Bref, comment le comité central du SEDIF va-t-il sortir de ce pataquès ?
S’il campe ferme sur ses positions, un lot sinon rien, ça va tanguer au prochain comité syndical, surtout si l’on tient compte qu’un nombre non négligeable de délégués sont déjà acquis aux trois lots. D’ailleurs étrangement oublieux de la décision qu’ils ont majoritairement votée il y a peu de fourguer ledit lot à celui qui s’en occupe déjà. A la satisfaction générale.
(Et nous faisons en outre joyeusement l’économie des analyses juridiques attenant à cette invraisemblable procédure de choix du futur mode de gestion du syndicat qui va faire la fortune d’une armée d’avocats !)
Nous attendons donc avec le plus grand intérêt les conclusions de notre séminaire germanopratin.
Car nous n’avons encore rien vu. En coulisses, ça phosphore, les couteaux sont tirés. Les alliances les plus improbables s’échafaudent en catimini.
Notez que nous ne sommes aucunement friands de la théorie du complot.
L’anomie gagne.
"L’ancien n’est pas complètement mort, le nouveau n’est pas encore né. La lutte va être terrible."
Antonio Gramsci.
commentaires
Tu plaisantes j’espère, cette histoire d’allotissement ça serait pire que tout, surtout parce que ils se renverront tous la patate chaude si’l y a un problème. En plus, si les élus ont déjà du mal à contrôler un prestataire je ne vois pas comment ça pourrait arranger les choses qu’ils en suivent 3 ou 4.
Marc vous qui connaissez super bien le sujet quelle est votre position perso sur l’allotissement ? est ce qu’il ne va pas y avoir des doublons voire des triplons sur certains postes de dépense ?
C’est vrai que je ne suis pas spécialiste, mais il me semble que le monopole (une seule firme qui détient tout le réseau et toute l’info), c’est pire que tout. Une vraie mise en concurrence permettrait de casser cette "boite noire".

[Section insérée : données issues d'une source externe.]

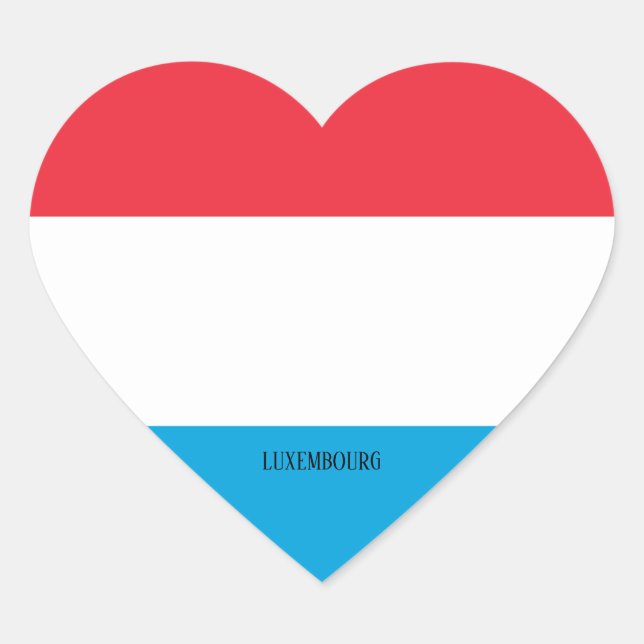 Luxembourg Flag Splendid Patriotic Heart Sticker (Front)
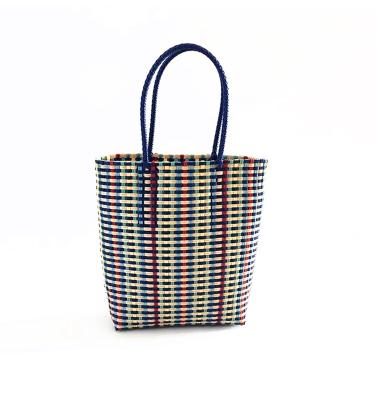 China Durable Wholesale Handmade Weave Plastic Shopping Handbag for sale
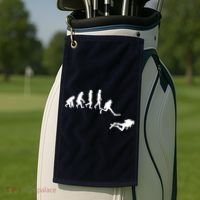 Scuba Dive Evolution Diving Diver Ocean Lover Gift Golf Towel thumb 2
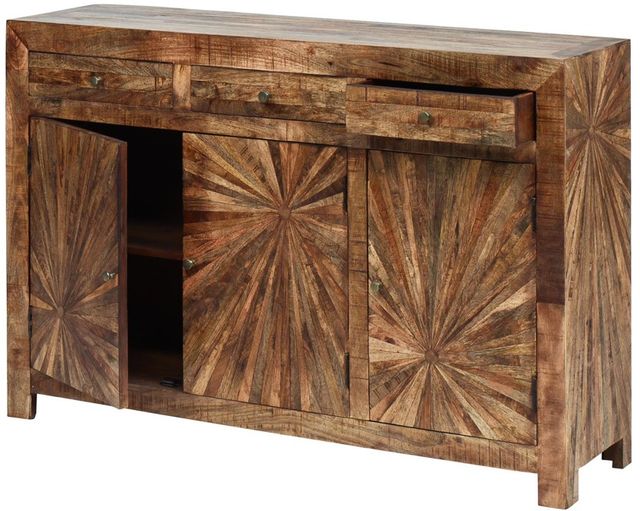 Jaipur Furniture Cayley Brown 3-Door/3-Drawer Sideboard-2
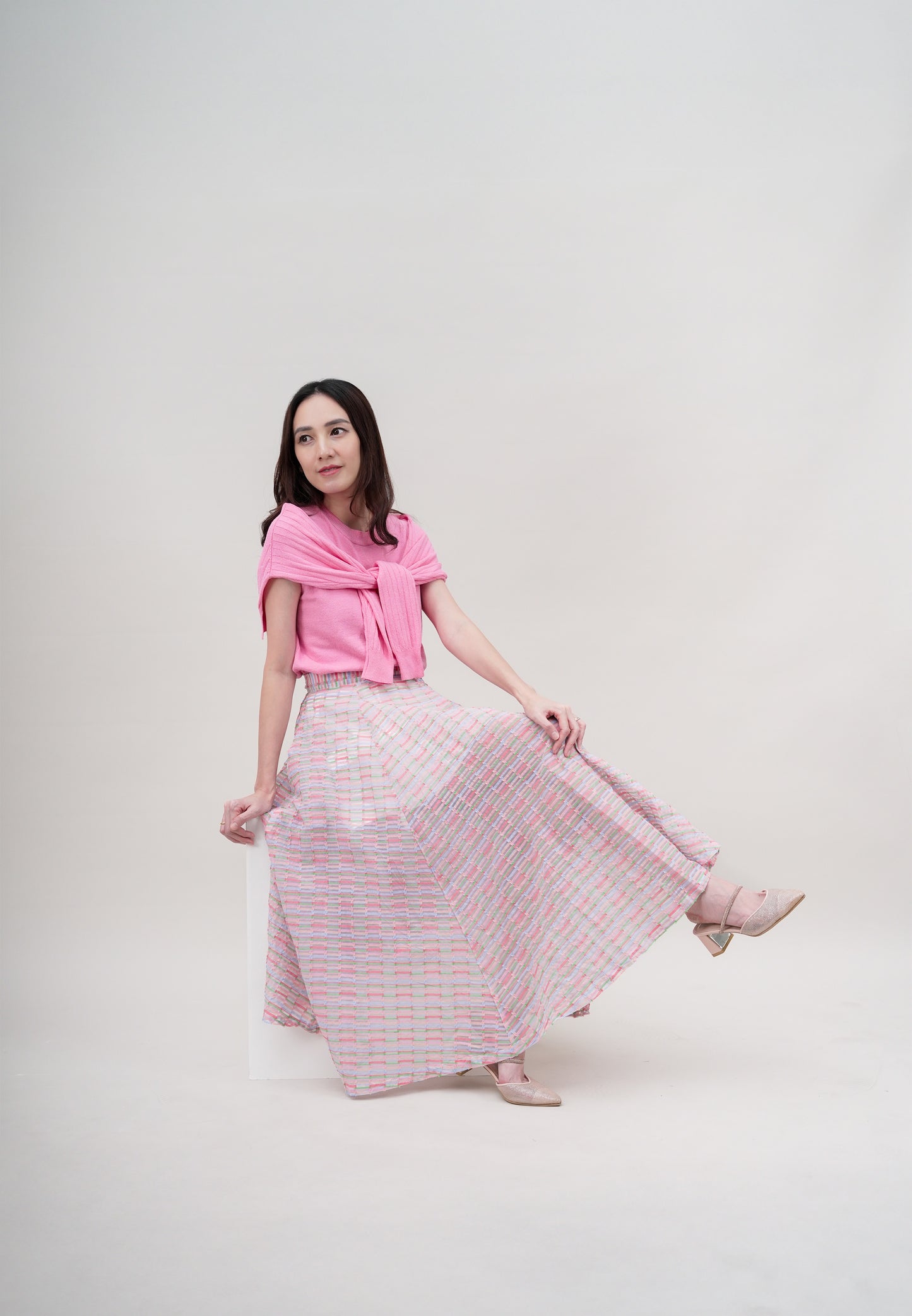 2 Way Cape Layered Knit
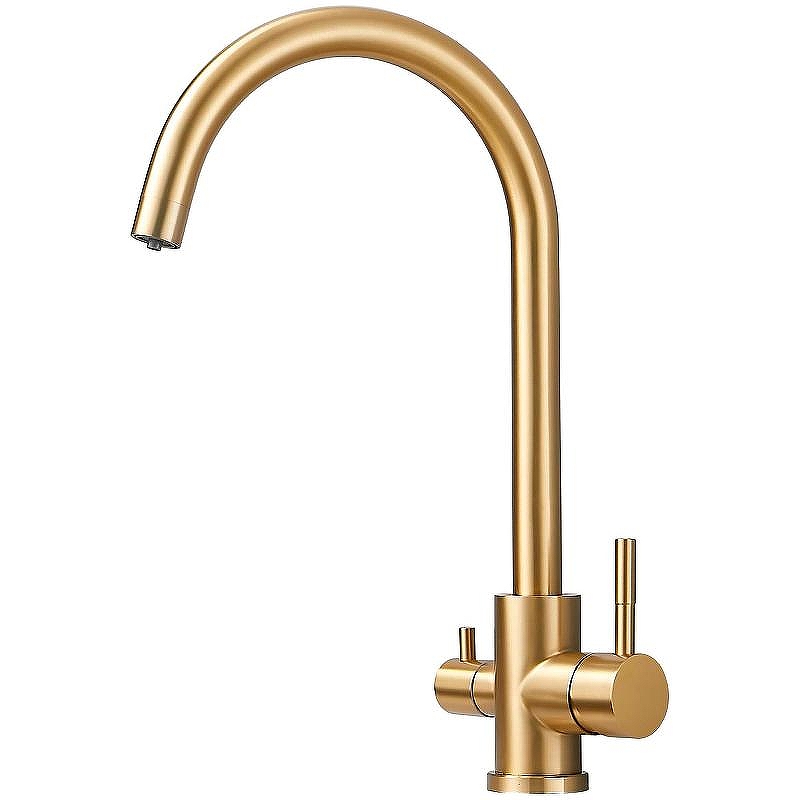 Смеситель для кухни Haiba HB76819-5 Золото матовое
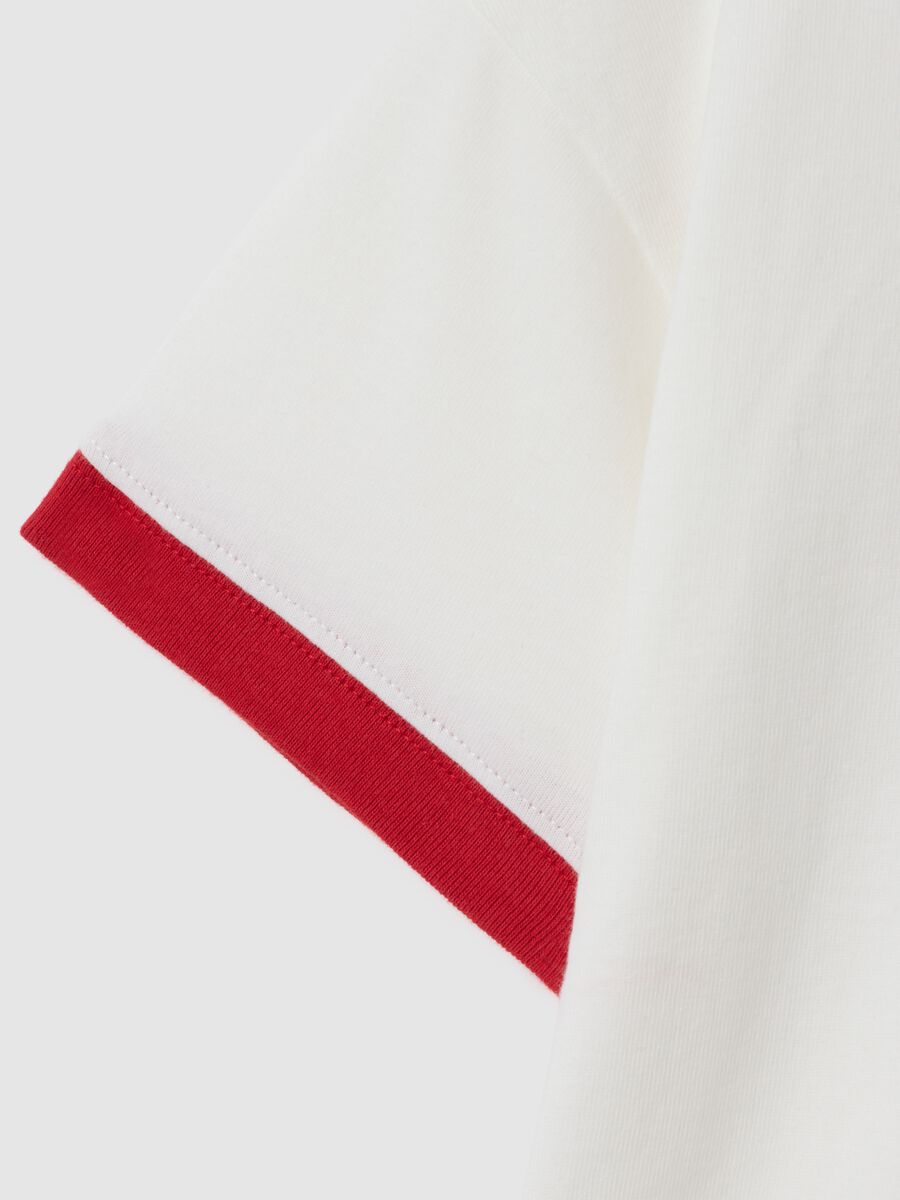 T-shirt bianca a maniche corte Bambino_3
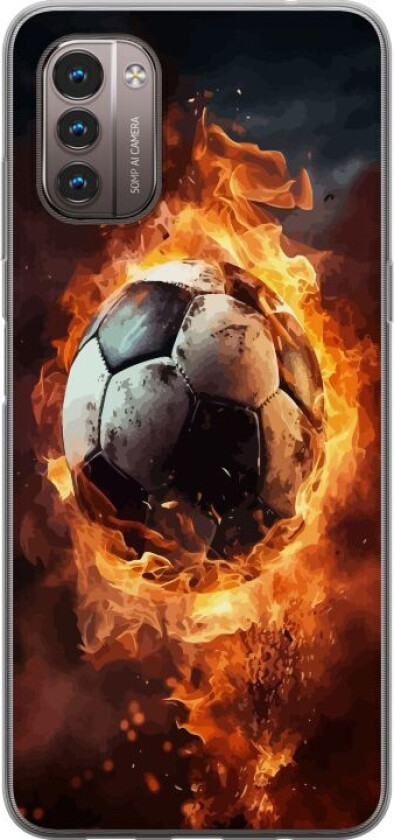 Mobildeksel til Nokia G21 med Fotball motiv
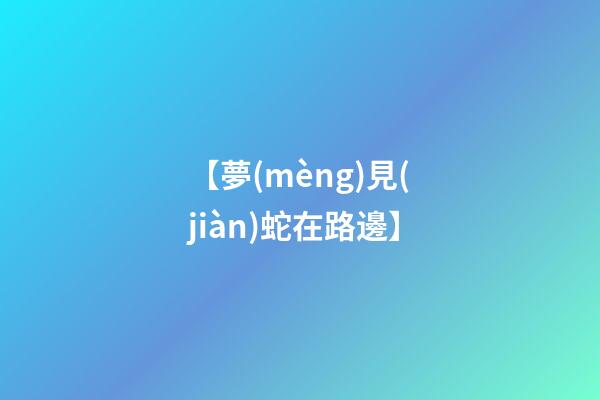 【夢(mèng)見(jiàn)蛇在路邊】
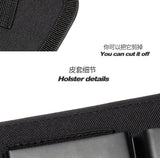 Pistol Outdoor Tactical Equipment Small Holster Pistol Holster Nylon Invisible Holster CS Field Stealth Tactical Holster Canvas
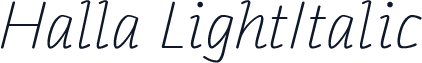 Halla LightItalic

En attendant que le recours contre la décision du SEDIF puisse avoir un effet, j’espère au moins que les délégués décideront (après des décennies de monopole) de mettre Veolia en concurrence sur les divers lots. Dans l’immédiat, c’est le meilleur moyen pour les collectivités (et les usagers !) d’avoir un meilleur contrôle sur l’action des compagnies privées et sur la tarification.